Six Degrees of Kevin Bacon

A fun application of graph theory comes up in the popular game ``Six Degrees of Kevin Bacon''. The idea of the game is to connect an actor to Kevin Bacon through a trail of actors who appeared together in movies, and do so in less than six steps. For example, Theodore Hesburgh (President Emeritus of the University of Notre Dame) was in the movie ``Rudy'' with the actor Gerry Becker, who was in the movie ``Sleepers'' with Kevin Bacon. Why Kevin Bacon? For some reason the three students who invented the game, Mike Ginelli, Craig Fass, and Brian Turtle decided that Kevin Bacon is the center of the entertainment world. The Kevin Bacon game is quite similar to the Erdös Number which has ``been a part of the folklore of mathematicians throughout the world for many years''.

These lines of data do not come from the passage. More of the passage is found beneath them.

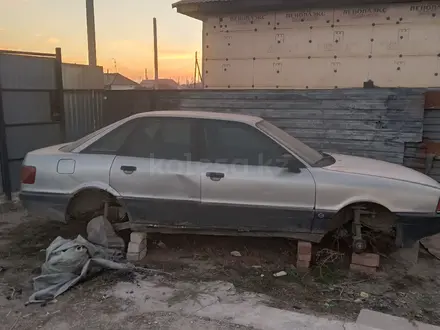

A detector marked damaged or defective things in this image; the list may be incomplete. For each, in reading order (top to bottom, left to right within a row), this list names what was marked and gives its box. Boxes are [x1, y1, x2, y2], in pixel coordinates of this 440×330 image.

broken bumper [19, 191, 69, 222]
broken bumper [398, 213, 440, 246]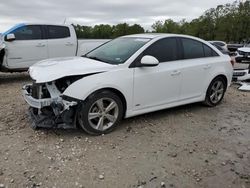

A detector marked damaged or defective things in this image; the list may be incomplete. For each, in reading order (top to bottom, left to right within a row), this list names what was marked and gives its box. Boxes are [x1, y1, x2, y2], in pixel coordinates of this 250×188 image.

shattered windshield [85, 37, 150, 65]
crumpled hood [29, 56, 114, 83]
damaged front end [22, 78, 80, 129]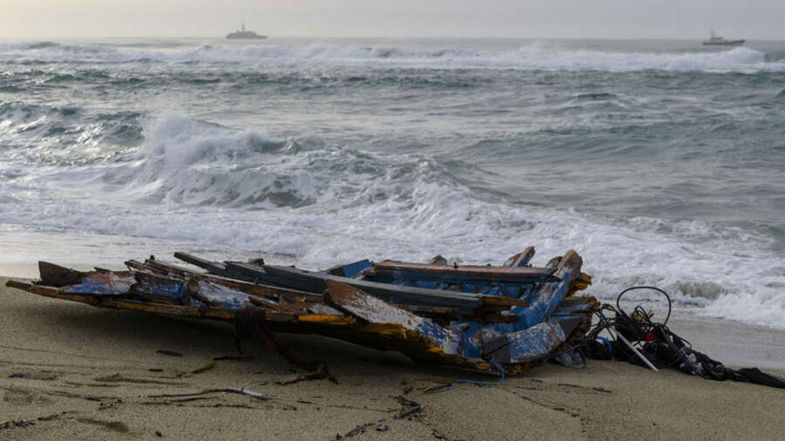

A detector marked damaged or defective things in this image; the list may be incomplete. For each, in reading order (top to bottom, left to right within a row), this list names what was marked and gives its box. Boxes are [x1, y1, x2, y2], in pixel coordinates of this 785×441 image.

wrecked wooden boat [6, 246, 596, 372]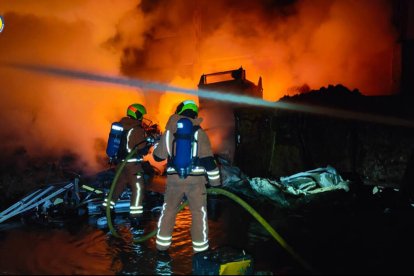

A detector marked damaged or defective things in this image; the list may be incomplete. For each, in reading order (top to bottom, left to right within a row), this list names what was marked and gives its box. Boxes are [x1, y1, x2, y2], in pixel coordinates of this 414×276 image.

charred truck cab [197, 67, 262, 164]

The ``Six Degrees of Kevin Bacon'' game is really a graph problem. If the user assigns each actor to a vertex, and add an edge between two actors if they have appeared together in a movie, then the user has a graph that represents the data for this game. Then the problem of finding a trail of actors to Kevin Bacon becomes a traditional graph problem: that of finding a path between two vertices. Since we wish to find a path that is shorter than six steps, ideally we would find the shortest path between the vertices. One might think to apply Dijkstra's shortest path algorithm to this problem, but that would be overkill since Dijkstra's algorithm is meant for situations when each edge has an associated length (or weight) and the goal is to find the path with the shortest cumulative length. Since we are only concerned with finding the shortest paths in terms of the number of edges the breadth-first search algorithm will solve the problem (and use less time than Dijkstra's).


Input File and Graph Setup

For this example we will use a much smaller graph than all movies and all actors. The full source code for this example is in examples/kevin-bacon.cpp. We have supplied a file kevin-bacon.dat which contains a list of actor pairs who appeared in the same movie. Each line of the file contains an actor's name, a movie, and another actor that appeared in the movie. The ";'' character is used as a separator. Here is an excerpt.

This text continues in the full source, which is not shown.